Brenner continues (thanks Yoshie for the appropriate passages):

Moreover, rent _per se_ (_redditus_) was fixed
> by custom, and subject to declining long-term value in the face of
> inflation.

Which brings me to the next crucial point. B gives the impression
that all peasants in post-1500 England  held their land 'by custom
of the manor' and that their land was subject to common property
rights.

B continues:
There were in the long run, however, two major strategies
> available to the landlord to prevent the loss of the land to peasant
> freehold.

you see, they had not yet achieved full freehold tenure (freehold
means land subject to private property rights, land
which is not governed by custom)

> In the first place, the demographic collapse of the late fourteenth
> and fifteenth centuries left vacant many former customary peasant
> holdings.  It appears often to have been possible for the landlords
> simply to appropriate these and add them to their demesnes.  In this
> way a great deal of land was simply removed from the "customary
> sector" and added to the "leasehold sector", thus thwarting in
> advance a possible evolution towards freehold, and substantially
> reducing the area of land which potentially could be subjected to
> essentially peasant proprietorship....

I have to thank Yoshie again as this passage really clarifies
Wood's strange argument that leasehold tenures  were "imposed"
on the peasantry. I was confused because she acknowledged  it
was the "yeomen" (richer peasants) who became leasehold
tenants (and the yeoman, for me, were mainly freeholders outside
the "customary sector") but now I know she has in mind yeomen
who were part of the "customary sector". She needs to make this
argument because the origin of capitalism  had to be something
that was imposed, and it was imposed only insofar as  it came
through leasehold tenures imposed against customary peasants.

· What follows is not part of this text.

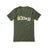 Custom Band Mascot and Musician Name on a Unisex T-Shirt with a White Graphic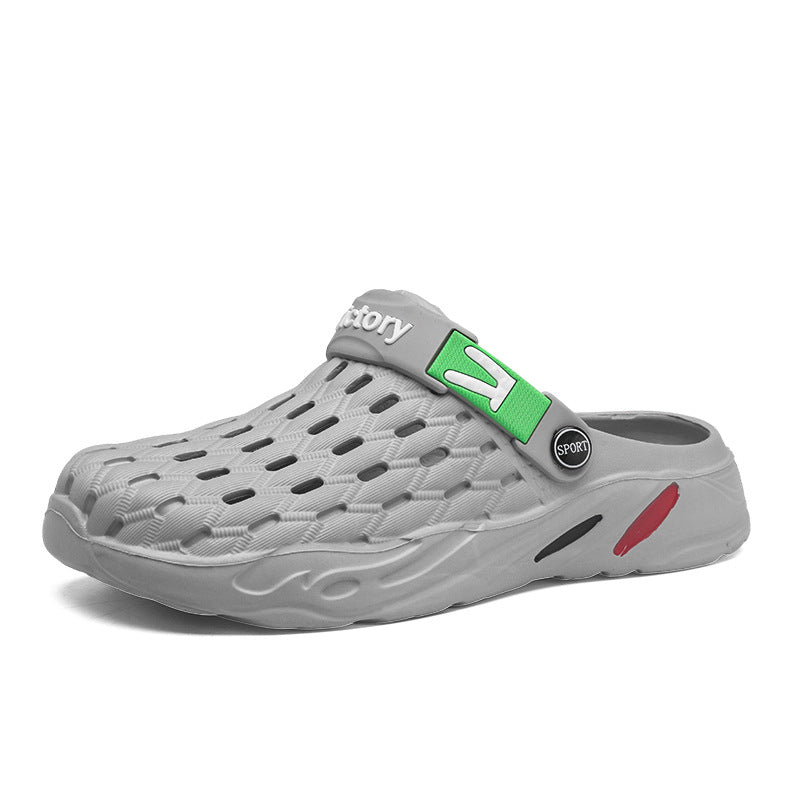 Lässiger und leichter Slip-On-Clog für Herren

> In the second place, one crucial loophole often remained open to
> those landlords who sought to undermine the freehold-tending claims
> of the customary tenants who still remained on their lands and clung
> to their holdings.  They could insist on the right to charge fines at
> will whenever peasant land was conveyed -- that is, in sales or on
> inheritance.  Indeed, in the end entry fines often appear to have
> provided the landlords with the lever they needed to dispose of
> customary peasant tenants, for in the long run fines could be
> substituted for competitive commercial rents.


See what I mean; he's referring to the copyholders against whom
landlords could still impose arbitrary fines. Note, too, that he thinks
that competitive commercial rents (leasehold tenures) were
imposed on customary peasants.

This whole argument is simply wrong. In the early sixteenth
century, about a quarter of all tenants were freeholders...and the
argument I made using Tawney follows.